The big-screen demise of Optimus Prime may have shocked every kid who saw the Transformers movie, but it was only one of several exits for the Autobot leader and ’80s icon. In cartoon canon, he died, was reborn as a zombie, died again, and then came back again. In the comics, he was killed as the result of a video-game bet with Megatron (yes, really) and later revived by a floppy disk with his personality on it (YES, REALLY).
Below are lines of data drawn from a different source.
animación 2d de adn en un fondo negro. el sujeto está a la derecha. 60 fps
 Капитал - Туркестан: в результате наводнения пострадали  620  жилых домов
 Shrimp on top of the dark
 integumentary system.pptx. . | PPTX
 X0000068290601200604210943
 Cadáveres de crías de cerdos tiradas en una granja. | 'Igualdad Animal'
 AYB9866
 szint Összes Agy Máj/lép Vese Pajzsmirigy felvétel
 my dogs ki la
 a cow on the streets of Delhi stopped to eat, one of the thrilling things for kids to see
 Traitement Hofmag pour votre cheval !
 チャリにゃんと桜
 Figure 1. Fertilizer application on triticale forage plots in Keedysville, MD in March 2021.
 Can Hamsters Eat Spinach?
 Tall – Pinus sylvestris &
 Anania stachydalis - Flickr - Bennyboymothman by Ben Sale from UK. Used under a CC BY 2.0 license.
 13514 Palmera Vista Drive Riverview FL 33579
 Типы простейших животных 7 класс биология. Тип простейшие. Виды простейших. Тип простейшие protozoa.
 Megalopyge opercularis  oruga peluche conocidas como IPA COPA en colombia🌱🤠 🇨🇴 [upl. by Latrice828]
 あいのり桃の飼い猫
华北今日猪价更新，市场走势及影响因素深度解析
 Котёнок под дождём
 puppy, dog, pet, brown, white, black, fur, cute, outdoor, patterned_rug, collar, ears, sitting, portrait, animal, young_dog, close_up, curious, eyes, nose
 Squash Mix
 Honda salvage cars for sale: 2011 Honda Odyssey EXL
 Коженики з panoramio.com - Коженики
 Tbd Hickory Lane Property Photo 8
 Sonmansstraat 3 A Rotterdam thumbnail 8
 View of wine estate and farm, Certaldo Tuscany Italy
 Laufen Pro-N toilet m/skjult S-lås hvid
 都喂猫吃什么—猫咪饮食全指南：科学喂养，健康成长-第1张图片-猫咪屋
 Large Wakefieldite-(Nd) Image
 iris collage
Many issues afterward, he sacrificed himself to blow up Unicron and then came back thanks to a last-minute Deus Ex Machina. This is to say nothing of the numerous other versions of Optimus Prime that show up with each new Transformers reimagining.

So what’s the most traumatizing death to befall Optimus Prime? We’re going with the post-movie episode “Dark Awakening.” As the Autobots happen across their drifting space mausoleum, they find Optimus Prime’s crypt empty and their leader wandering around alive and well. Yet something’s not right. Optimus was crudely revived by the treacherous Quintessons, and he’s programmed to lead his former comrades into a trap. Undead Optimus eventually shakes it off and saves his friends, flying his ship on a noble suicide run even as his body breaks apart.

Yes, it wasn’t enough that The Transformers killed off Prime once. He had to be reanimated, turned evil, and then killed again to even more unpleasant effect. Kids might’ve tuned in expecting to see a Transformers episode about Grimlock getting a new brain or Perceptor becoming a robot geisha (both happened, trust us). Instead they saw Optimus Prime exhumed and executed once again in some horrific cartoon cadaver synod. Complaints over this and his movie demise prompted Prime to return once again and stay alive for the remainder of the U.S. animated series. Perhaps this negated any lessons children might’ve learned from seeing a beloved character pass away, but it was also the show’s fault for going a bit too far.